Ainsi, ces prises de position de plusieurs syndicats ont miné non-seulement la solidarité de classe, mais aussi celle entre les femmes: suite à une prise de position controversée sur l’agentivité des travailleuses du sexe (TDS) lors d’une assemblée générale de la Fédération des femmes du Québec (FFQ) en 2018, la Confédération des Syndicats Nationaux (CSN), le Syndicat des professionelles et professionels du gouvernement du Québec (SPGQ) et le Syndicat de la fonction publique et parapublique du Québec (SFPQ) ont quitté la fédération. Nous souhaitons ici déconstruire l’argumentaire de ces groupes comme quoi nos luttes seraient individualisantes et la pratique de l’action collective, absente de nos mouvements.
Un pilier de l’argumentaire des syndicats dénonçant les positions pro-travail du sexe comme celles de la FFQ est la critique du concept d’agentivité. Pour les déserteurs de la fédération, il s’agirait d’une position individualisante, ne tenant pas compte des rapports d’oppression systémique comme le patriarcat, le capitalisme et le racisme. Nous croyons qu’il y a de toute part des nuances à apporter et des éléments à clarifier afin d’avoir un débat qui en vaut la peine et qui nous inclut.

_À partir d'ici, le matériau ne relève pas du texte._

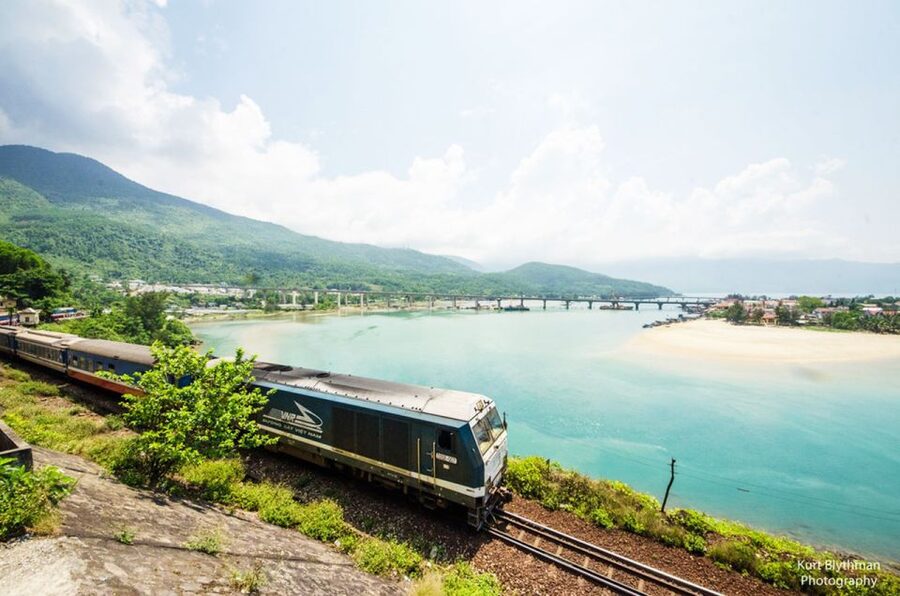 Private Car Hoi An to Hue Via Hai Van Pass, Lagoon & More - Optional route 5: Hue’s Imperial City, Khai Dinh Tomb, and Thien Mu Pagoda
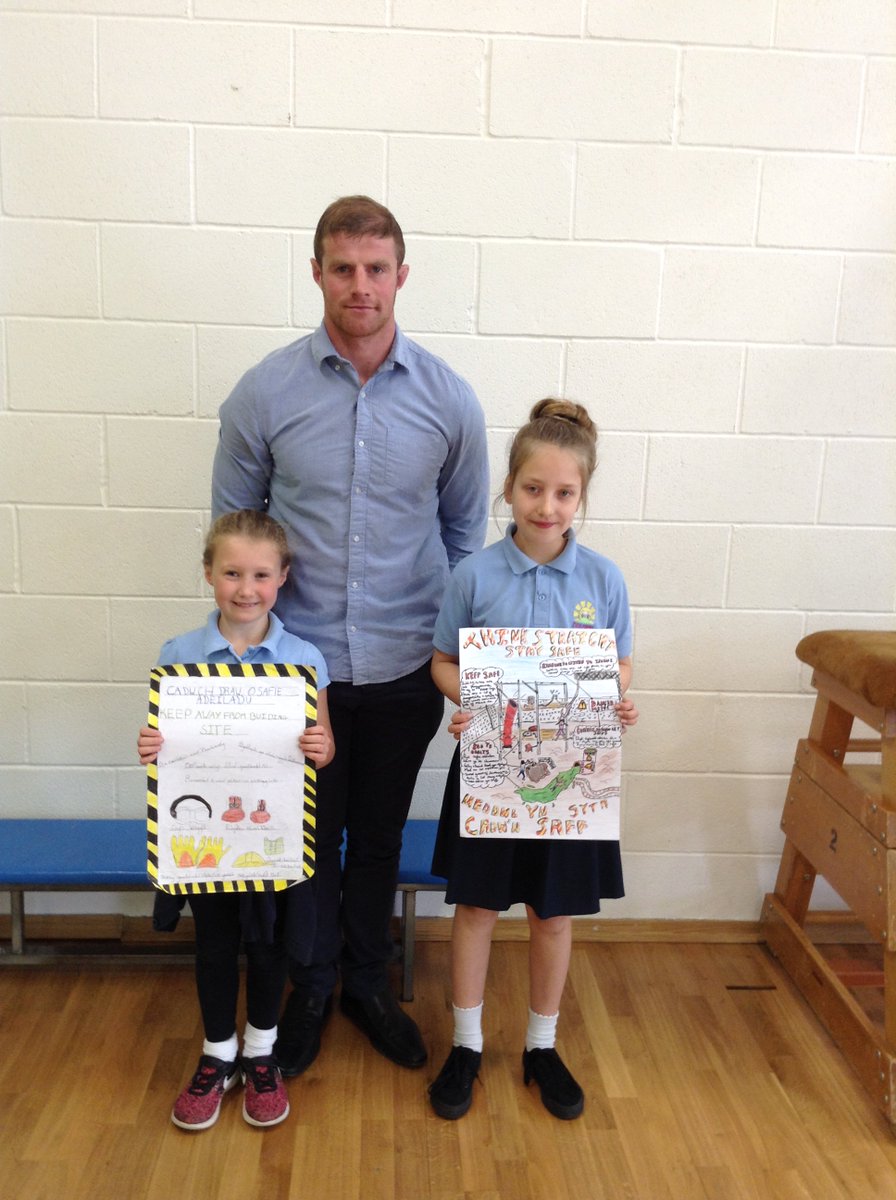 penybryntywyn's tweet image. Llongyfarchiadau i Anae a Lia am ennill cystadleuaeth i greu poster diogelwch safle adeiladu gan @WilliamsHomes_  Mae'r ddwy wedi ennill taleb £15 Argos. Da iawn chi a diolch i Ilan Rowlands am ddod i feirniadu! @CyngorGwynedd #diogelwch @Siarteriaith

Les questions du choix et de l’agentivité sont ici centrales. La définition que la FFQ fait de l’agentivité est la suivante: «faculté d’action d’un être; sa capacité à agir sur le monde, les choses, les êtres, à les transformer ou à les influencer.»1 Nous sommes prêtes à convenir que cette définition est individualisante. Toutefois, affirmer comme le fait la CSN que «selon les estimations, plus de 90% des prostituées sont contraintes par la misère et les violences à subir l’exploitation sexuelle»2 appelle à la pitié et aux bons sentiments charitables plutôt qu’à une solidarité entre travailleuses.
Il n’y a rien de surprenant à ce que certaines travailleuses du sexe affirment avoir choisit de travailler dans l’industrie du sexe. Après tout, la première condition d’existence du capitalisme est que le travailleur (ou la travailleuse) soit libre de vendre sa force de travail, mais d’un autre côté, n’ait pas les moyens de réaliser seul sa force de travail (sans un capitaliste détenant les moyens de production).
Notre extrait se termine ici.